The subconscious mind is not the rational mind; it does not differentiate between actions that enhance a person's well being and those that make life difficult. If it accepts an idea, it creates behaviors to reinforce that idea. Not until the conscious mind, the rational mind, effectively convinces the subconscious mind to replace false messages with true ones, will behavior change.
Bookstore shelves are full of self-help books for every area of the body, mind and spirit. They tell us how to be healthy, how to be wealthy, how to have friends, how to lose weight, stop smoking, pull ourselves out of depression, raise self-esteem, have faith in ourselves, think positively.
Self-help books have important messages. They call to us from Border's displays, or excite us as we read the reviews on Amazon.com. They entice us, because they describe our problems and promise us answers. And many of them give excellent directions about how to go about achieving the goals they propose.

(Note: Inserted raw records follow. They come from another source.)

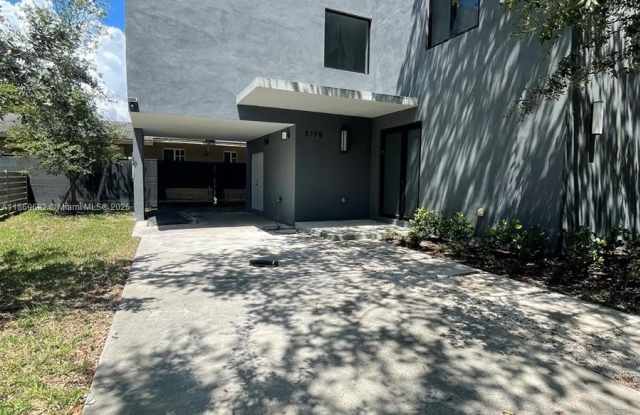 5198 NW 3rd Ave photos photos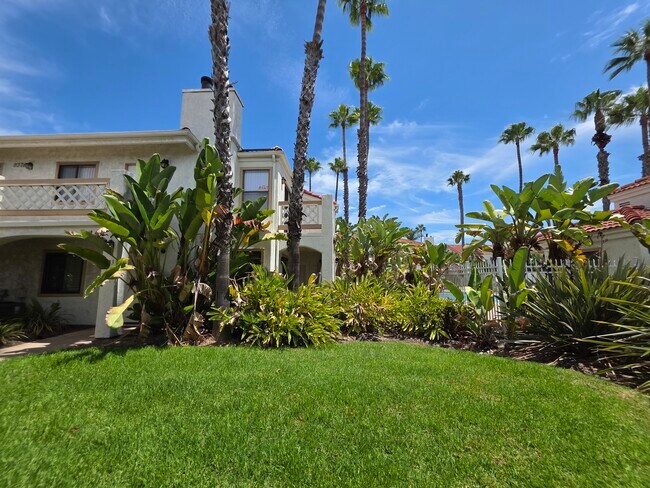 Foto del edificio - 9378 Twin Trails Dr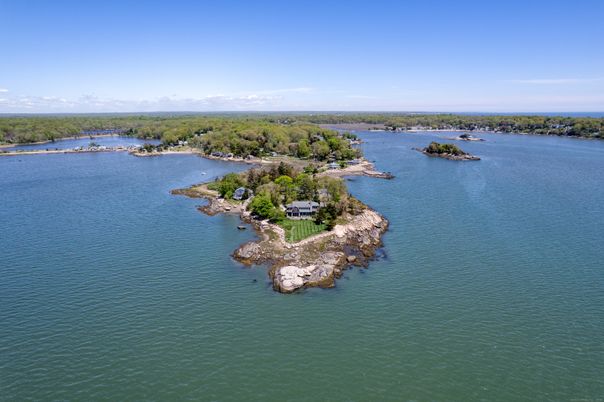Exterior, Lake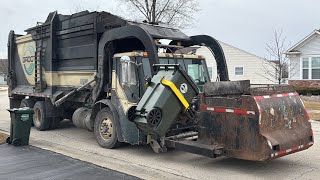 Groot Mack LE McNeilus Pacific Curotto Can Garbage Truck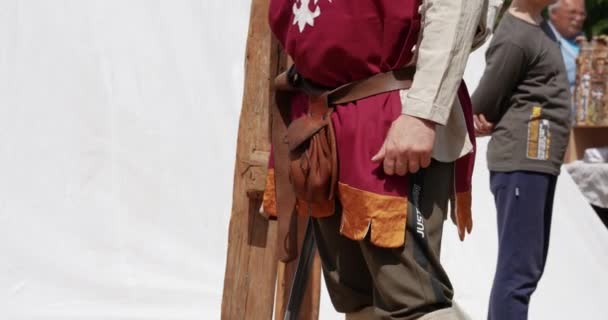 Воїн Костюмі Середньовічного Воїна Демонстрації — стокове відео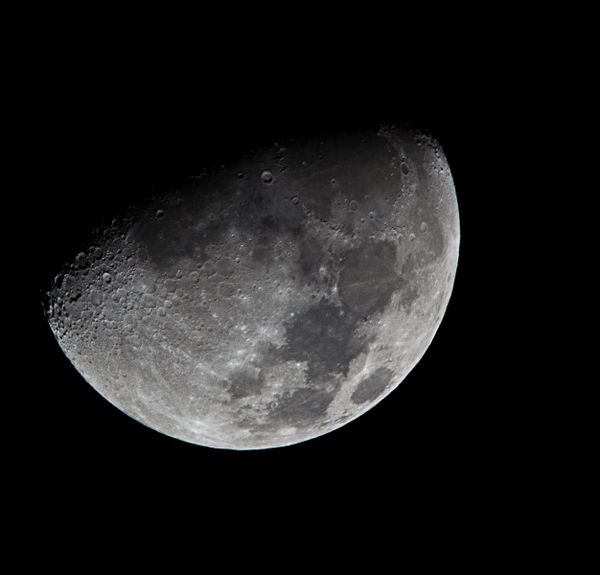Super Moon 2/11- 500mm, ISO 100, f8, 1/125 sec.  B...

But many of these books are sitting on home bookshelves, or in secondhand bookstores, having been purchased with hope, read with enthusiasm, and then abandoned.
They are not usually abandoned because their messages are not true or because we disagree with them, but because we do not internalize the message. The emotional impact is not sustained -- the message about self-esteem may not have the same power as the one we received when we came home with a poor grade on a report card and were told we were "stupid" or "could never do anything right." That message may be so imbued that we don't know how to take the message from the book and replace it. Intellectually, we "know" which message we want to live by, but our subconscious mind has its own "knowing," and may convince us that we really don't deserve to have "self-esteem." The conscious mind, the intellect, must reach the subconscious with its new belief.
Steven Covey writes about the need for a "paradigm shift."
Wayne Dyer repeats often, "As ye think, so shall ye be."
Louise Hay says in The Power Within You, "I believe there is a Power within each of us that can lovingly direct us to our perfect health, perfect relationships, perfect careers, and which can bring us prosperity of every kind."
Shad Helmstetter wrote a book titled, What to Say When You Talk to Yourself, and its premise is that by repeating a positive message over and over, our subconscious finally believes it.
Most self-improvement messages have to do with changing words, thoughts, and beliefs, which is exactly what is needed. We must use positive, healthy words and think positive, healthy thoughts that create this type of belief.
Hypnosis creates a powerful communication, which allows the conscious mind to convince the subconscious mind of a new, positive, healthy idea. The self-help books hold valuable messages from which to create the scripts that the conscious mind of the person doing self-hypnosis, or the hypnotist working with a client, will use to inform the subconscious mind.
We create our world by acting out of love or hate, confidence or fear, judgement or acceptance -- and many other opposing states which are reflected back to us. It is up to the individual to choose the positive path, to create harmony in life. And having chosen the positive path and the desire for harmony, the mind must stay positive, thinking positive, constructive thoughts.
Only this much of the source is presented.